Why Dungeon Rush?
When we started this game, we already resigned ourselves to being an odd bunch of individuals who are trying to do something mildly out of our league. We keep asking ourselves these questions: “Why Dungeon Rush? Why are we gluttons for punishment?” And the answer is simple. Because we can.
None of us have ever played Dungeons and Dragons. The closest system we’ve ever played is Pathfinder. And while they’re very closely related, in their current iterations they’ve become completely separate beasts to tackle. DnD being the less beastly of the two.
Honestly, as a group, more accurately, as the two main GMs of the group we’ve been wanting to try DnD5e for a while. Mostly because we were looking for a simpler system to run “The Gate Chronicles” in.

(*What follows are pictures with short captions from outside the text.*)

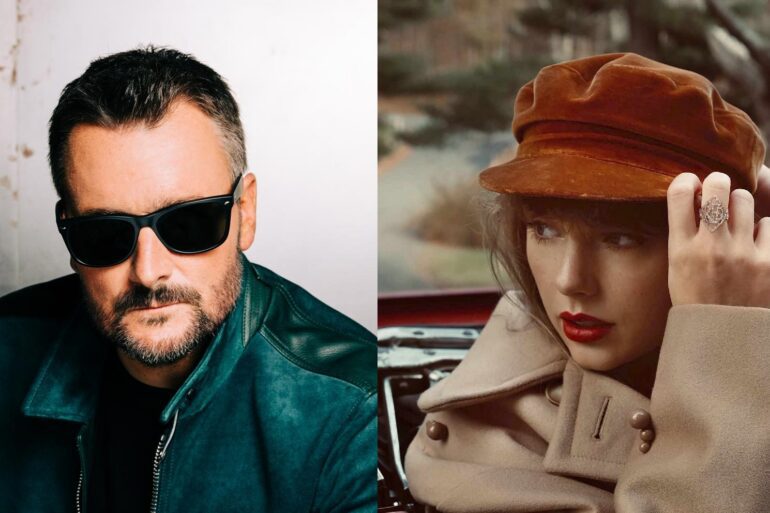 Eric CHurch and Taylor Swift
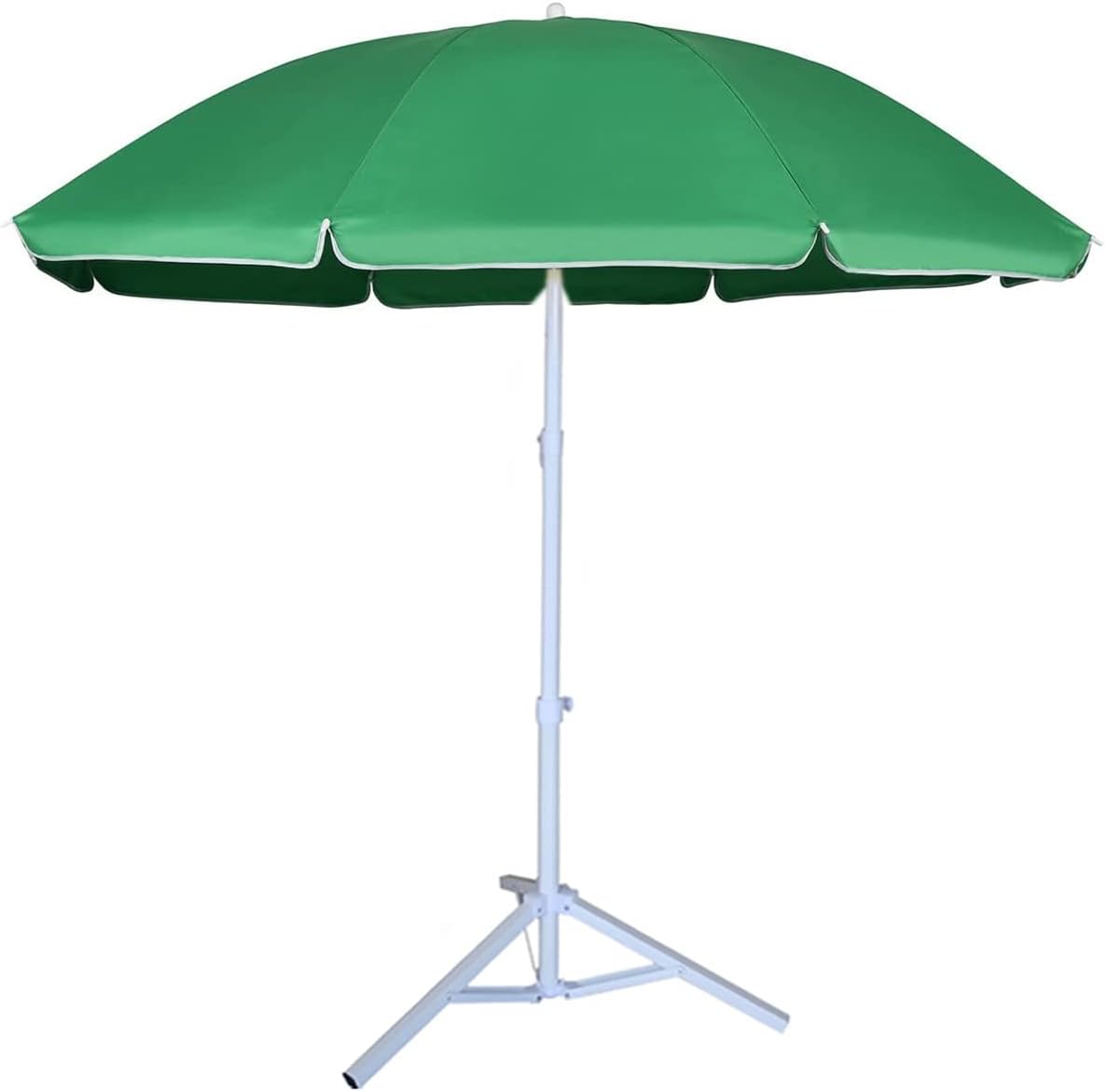 RAINPOPSONGarden Umbrella for Men and Women Outdoor Big Size With Stand Waterproof/Sunlit Proof Super Cloth Patio Garden Outdoor Umbrella (6ft/36in) (Green) Pack of 1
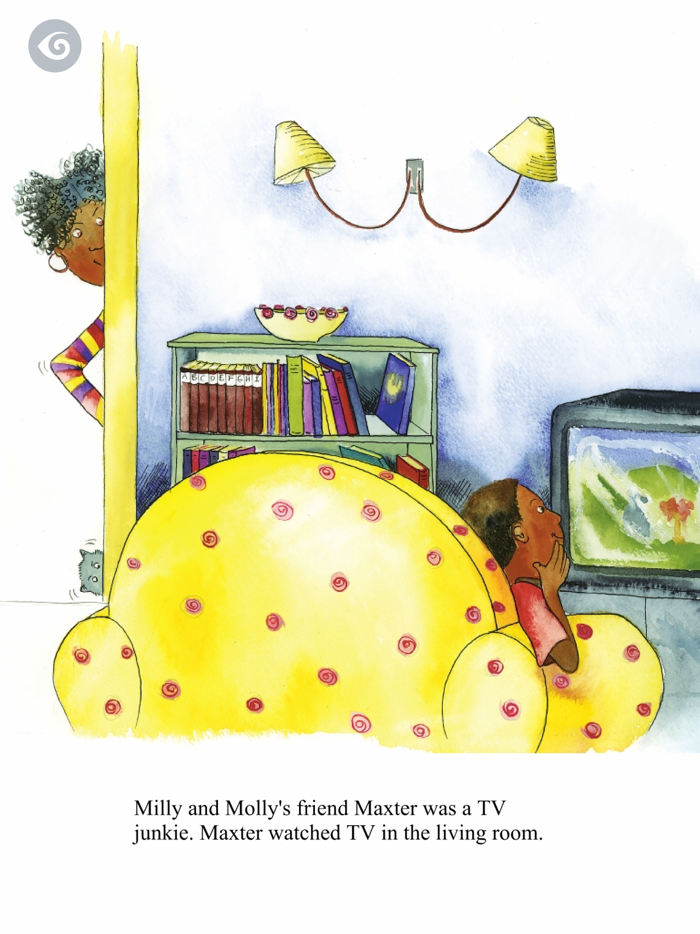 Milly, Molly  the Tree Hut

Initially we were going to try running that setting through Numenera for the science-fantasy and the artifact-like “cyphers” that riddle the game. But our reasons for now focusing on DnD for the system are two-fold.

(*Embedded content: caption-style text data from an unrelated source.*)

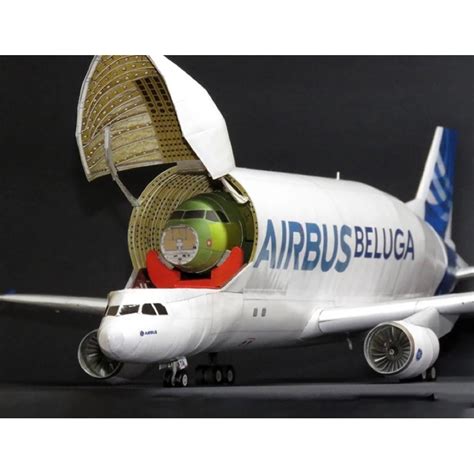 Paper Model Airbus Beluga Airbus Shopee Malaysia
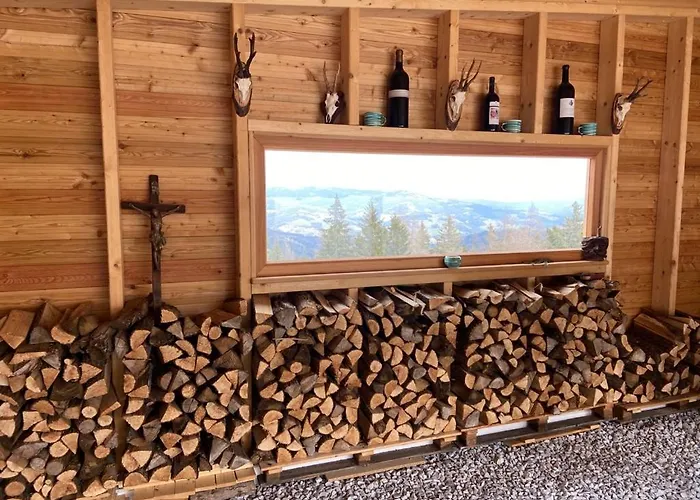 Almchalet Huettenzauber Apartament *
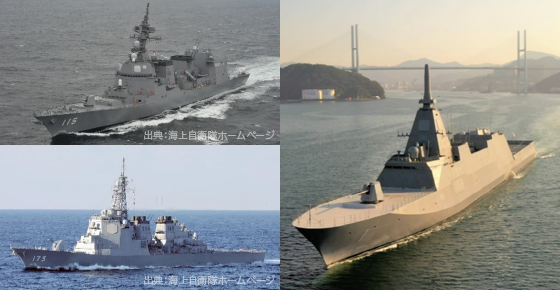 水上艦設計・製造事業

It started with 5-Minute Dungeon, a card game with a dungeon-crawl-esque theme where players only have five minutes to match the symbols on different cards and beat the floor bosses. It’s a great game that we found just bit too easy to play. Maybe because we all have great hand-eye coordination. Thankfully, the addition of Curses Foiled Again has made the game slightly more challenging.
The second part, which was announced recently and only affirmed our decision, is that Monte Cooke is making a science-fantasy supplement for DnD5e. Arcana of the Ancients was just announced on Kickstarter and it promises to “bring the wonders of mysterious technology and weird science-fantasy elements to their traditional fantasy campaigns.”

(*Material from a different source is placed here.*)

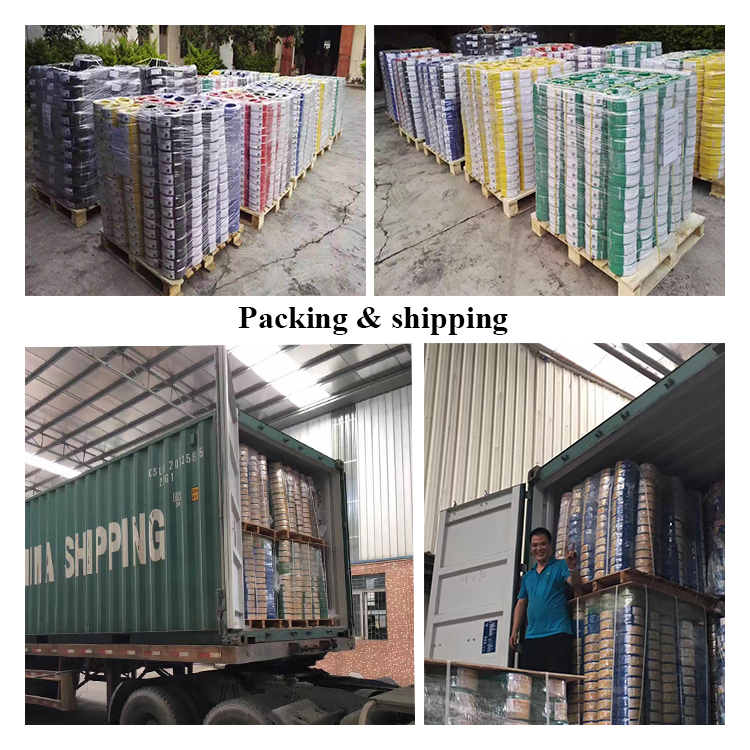 Packing & shipping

This is great news for “The Gate Chronicles,” which was in desperate need of a system that was simpler for some of our players who get overwhelmed by the feats, special abilities, and combat tactics of Pathfinder.
So, in the end, we determined that Dungeons and Dragons was the best system out of everything that we tried. But then we realized, we need our players to learn this and the GMs have to become familiar with it as well. And that’s when the idea was conceived.
“Clearly because we know how to play Pathfinder so well, there shouldn’t be an issue with us transferring systems. And why not put a time-limit on it, say five minutes or else the players are penalized! To make it easier, of course we’ll just run a one-shot.”
While the statement above is clearly an embellishment, at least we hope that is perceived…it is essentially how things went down. But at this time, “Dungeon Rush” is acting as placeholder for when we can’t run our Sword Art Online: AOD campaign.
This does make getting the rules down to a science a bit difficult, seeing that we’ve only had one chance to play at the current writing of this article. This does bring me to my final point, however.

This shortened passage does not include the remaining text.